Does the gain on the investment property needs to be reinvested only to prevent the capital gains tax or the final selling amount needs to be reinvested. One of my friends told me that the gain needs to be reinvested only. Need clarification
All of the gain needs to be exchanged tax deferred into one or more properties. If you do not use all the excess funds you will have BOOT and be taxed on it. You also need to use a qualified QI and do not touch your funds in anyway or later on the IRS can disallow your exchange with an audit.
There are certain cost to buy and sell where you can use some of the proceeds for. Get with a 1031 exchanger for more detailed info.
No legal advice.
To be more specific, yes the full sales price, less closing costs, needs to be reinvested along with all of the cash received from the sale. Example: $300k sales price, $20k sales costs and commissions ($280k net proceeds) with $100k cash received from the sale ($180k in mtg.s). The replacement property must be $280k minimum, and all of the $100k cash reinvested in the replacement property. The amount of the actual "gain" doesn't affect the amount required to be reinvested. These are the basics, there are some minor adjustments like closing costs on the replacement property, etc.
Thanks Joel and Wayne .
So it means that every time I but a new property , then it would have to be higher cost than the previous one
So it means that every time I [buy] a new property , then it would have to be higher cost than the previous one
Higher cost than the net selling price of the property being exchanged. Lets ask @Bill Exeter for his input.
Talking about capital gains :
Repairs on the house along with the closing costs and real estate fees are excluded from the cApital gains tax?? Or any expenses on the house ?
I recently talked with a Professional Exchangor, and she told me the rules have changed. (I used to do many exchanges.)
She told me you now have to hold the Subject Property for a year. Her company does nothing but facilitate exchanges. I would sure like to hear someone tell me this is not true.

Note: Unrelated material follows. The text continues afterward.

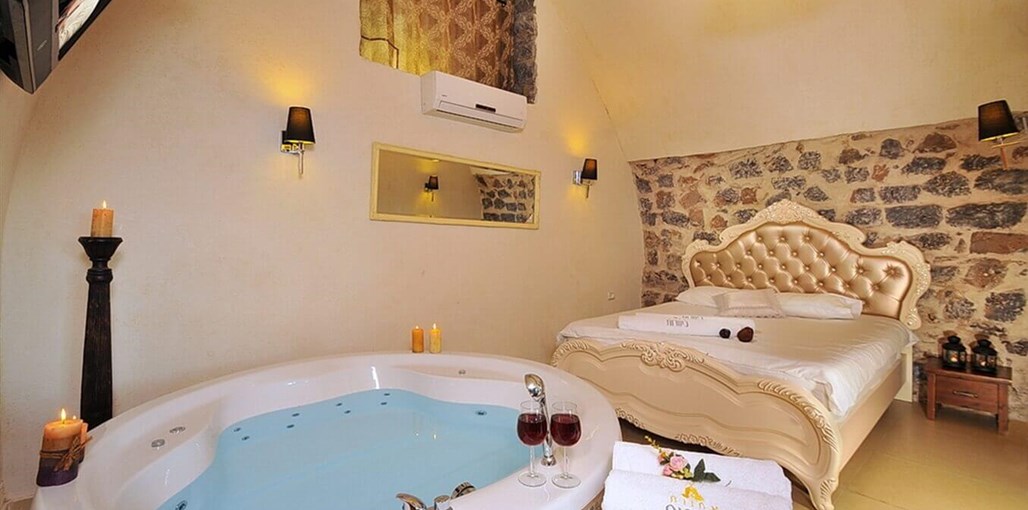 אחוזת כינורות אבן מפוארת (2).JPG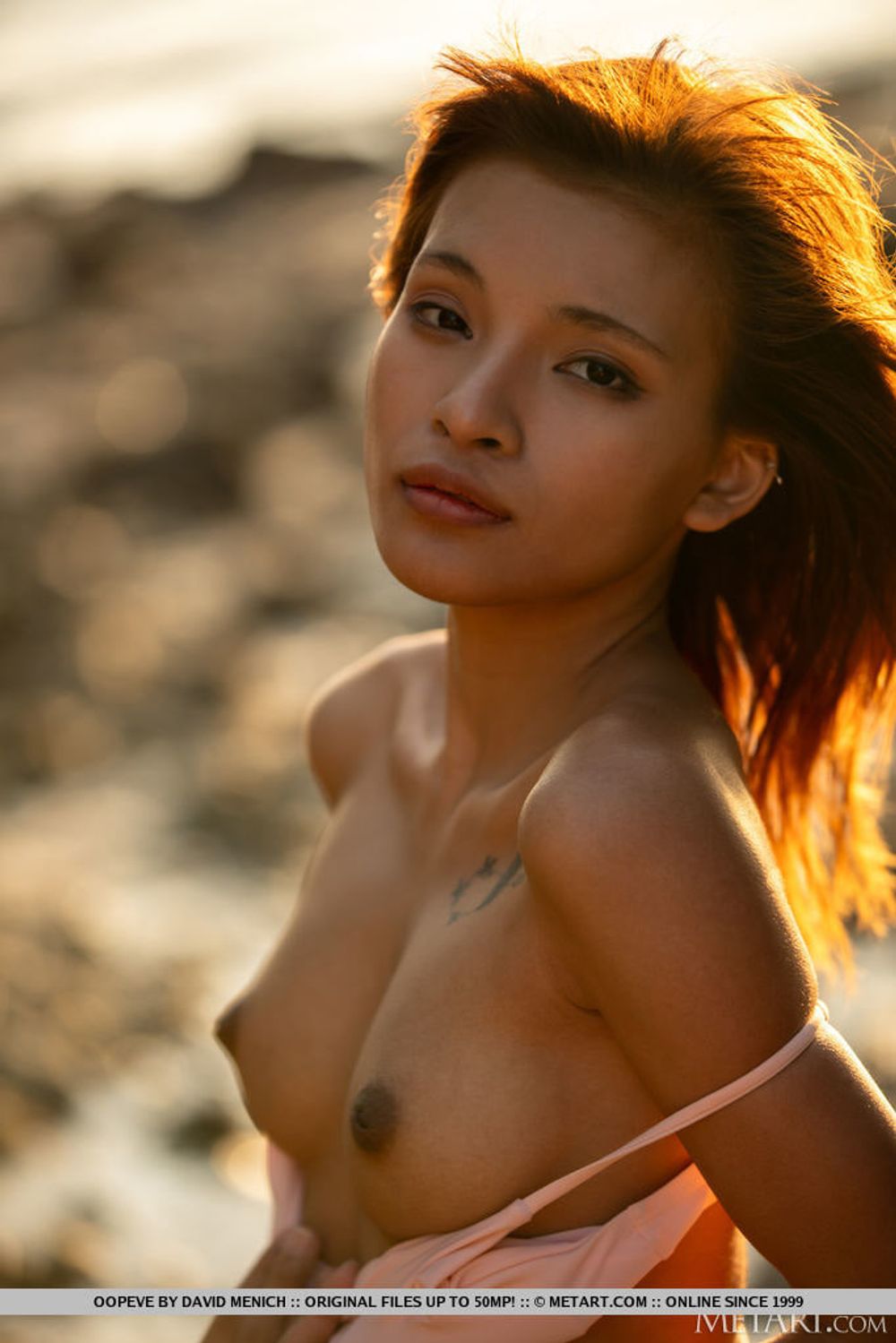 Thai beauty Oopeve picks a secluded spot on the beach #6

The exact technical requirement is that you must buy one or more replacement properties with a total/combined purchase price (purchase price plus routine purchase expenses) that are equal to or greater than your net sale price (gross sale price less your routine selling expenses), and you must reinvest all of your net proceeds/cash/equity generated by the sale of your relinquished property.
The "routine" selling or purchase expenses include real estate broker's commission, title costs, escrow costs, recording fees, exchange fees, etc. Lender related costs, charges and payoff expenses, and operating expenses such as prorated property taxes, prorated rents, paying security deposits to buyer, etc., are not included. Non-routine (i.e. non-permissible) costs paid with exchange fund will be classified as taxable boot.

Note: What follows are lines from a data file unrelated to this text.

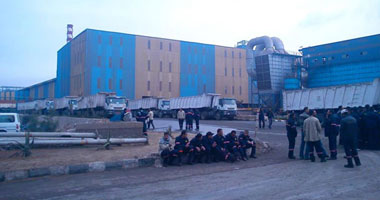 مصر : "السويس للصلب" تنفى إبرام اتفاقية جماعية مع العمال و"القوى العاملة" لحل أزمة المصنع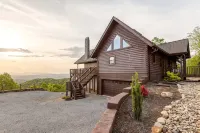 NEW Luxury Mountain Cabin with Stunning Sunset Views - 4-Star
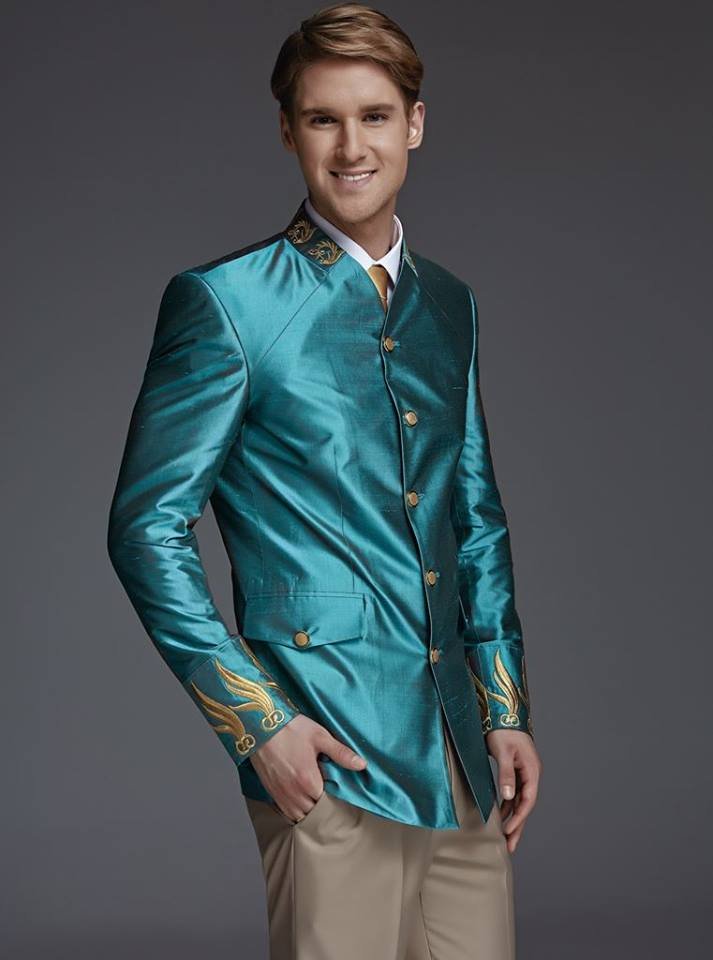 şimdi tam zamanı gideceğiniz adresi biliyorsunuz.
Çekin üniforma.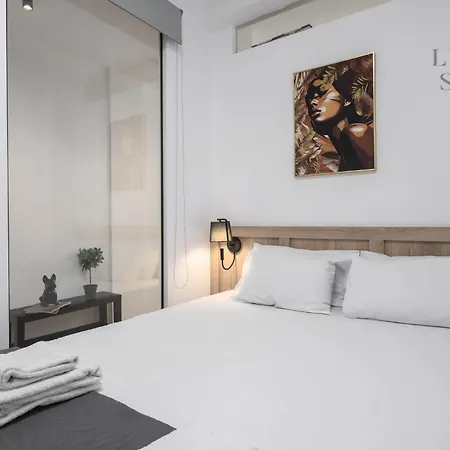 Maison Cristal, The Luxury Apartment *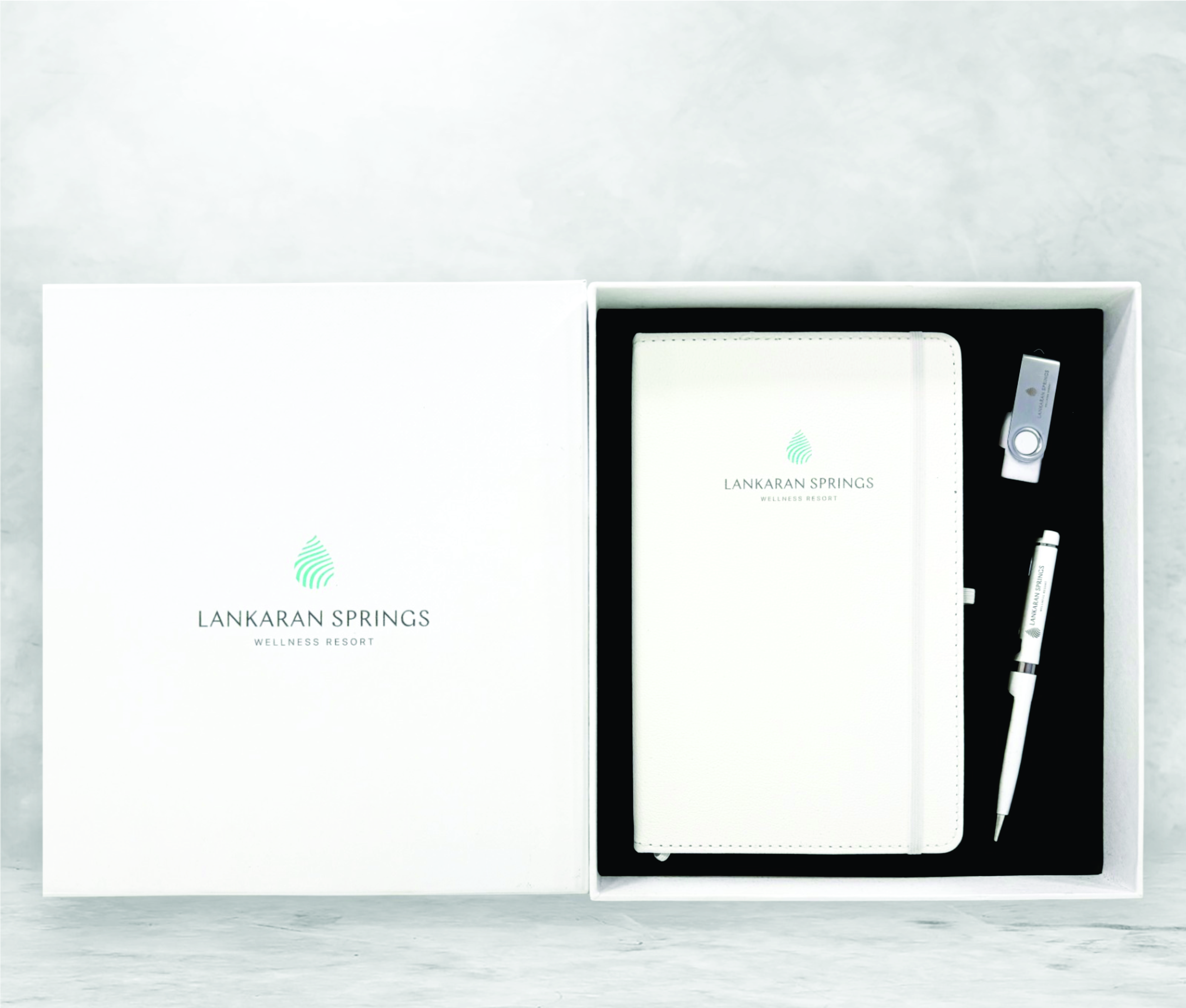 Y2 "White" hədiyyə dəsti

The more common questions we get are:
- Can I pull out the original cost that I paid for the house? The answer is no, you must trade equal or up in value and reinvest all of your cash. You can pull cash out, but it will be taxable. There is no way to pull cash out at the closing or through the exchange transaction without incurring taxable boot.
- Can I be reimbursed at closing for certain repair costs that I paid to get the property ready for sale? No, these are repair/maintenance expenses and not selling expenses. The reimbursement of these costs will be considered a taxable event.
The key is that the government is essentially telling us that as long as we remain fully invested they will allow us to defer the payment of our taxes. In the example used above in another post, the net sale price was $280,000. In this case, the investor owns an asset worth $280,000, so as long as he or she reinvests at least $280,000, then they have remained fully invested.
Correct me if I'm wrong... After the the exchange is done I go back and refi pulling out the money that I couldn't take at closing, that would be allowed correct?
There are some time restrictions on that too.